Interrogé par Camer.be, un chef de département de l'université de Douala répond  "que la décision prise par Séraphin Magloire Fouda, est pertinente du point de vue social. Il est normal que dans un contexte marqué par la rareté du travail décent et sécurisé, qu'on recrute encore des fonctionnaires, même s'ils remplissent les conditions, au détriment des titulaires de Doctorat et de PHD encore en chômage. L'opportunité d'écarter les fonctionnaires n'appartient pas aux candidats, mais à l'État. Pour moi, il s'agit d'une mesure sociale salutaire", dit-il, avant de regretter cependant  que le recrutement dans les universités, s'assimilent déjà à un recrutement dans la Fonction publique. Pour ce professeur titulaire des universités, c'est le mode de recrutement qui fait problème. Selon lui, si les canons de l'université étaient respectés, personne n'aurait à se plaindre. " C'est dommage que les universités n'ont pas d'autonomie pour recruter leurs enseignants. Tout est accroché à l'avis du ministre de l'Enseignement supérieur, ou du secrétaire général des Services du Premier ministre comme nous le vivons en ce moment. Depuis 1993, les universités n'ont plus d'autonomie de recrutement de leurs enseignants. C'est le ministre de l'Enseignement supérieur qui décide de tout. Cela tue l'université. Une université qui ne se régénère pas  se meurt. Il faut toujours régénérer le personnel enseignant ; faire des remplacements par rapport aux décès, aux démissions, et à ceux qui partent en retraite. Ce sont les conseils d'administration qui devraient recruter dans les universités, comme c'était le cas jusqu'en 1992. Il faut vraiment rendre les universités autonomes, et seulement se rassurer que les règles et les normes sont respectées. Il faut les laisser organiser leurs concours d'entrée dans les écoles grandes  professionnelles. Il faut écarter le ministre du processus, et juste en faire un régulateur. La proclamation des résultats des concours dans les grandes écoles par le ministre, ne les rend pas crédibles, leur enlève leur caractère académique et scientifique, et leur confère plutôt une coloration politique ou politicienne. Il faut laisser les recteurs gérer les universités", a-t-il scandé.
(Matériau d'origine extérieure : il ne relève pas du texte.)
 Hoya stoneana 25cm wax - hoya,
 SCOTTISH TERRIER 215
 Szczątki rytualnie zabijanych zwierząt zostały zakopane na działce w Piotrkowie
De toute façon, la proclamation des résultats du recrutement de 500 Assistants d'université, est porteuse d'une déflagration sociale. Selon nos sources, l'étape serait encore au niveau des commissions techniques des universités.

Vivement qu'équité et méritocratie président à ce recrutement, pour que les tout meilleurs soient au service des étudiants, pour une Université camerounaise de qualité, forte et crédible.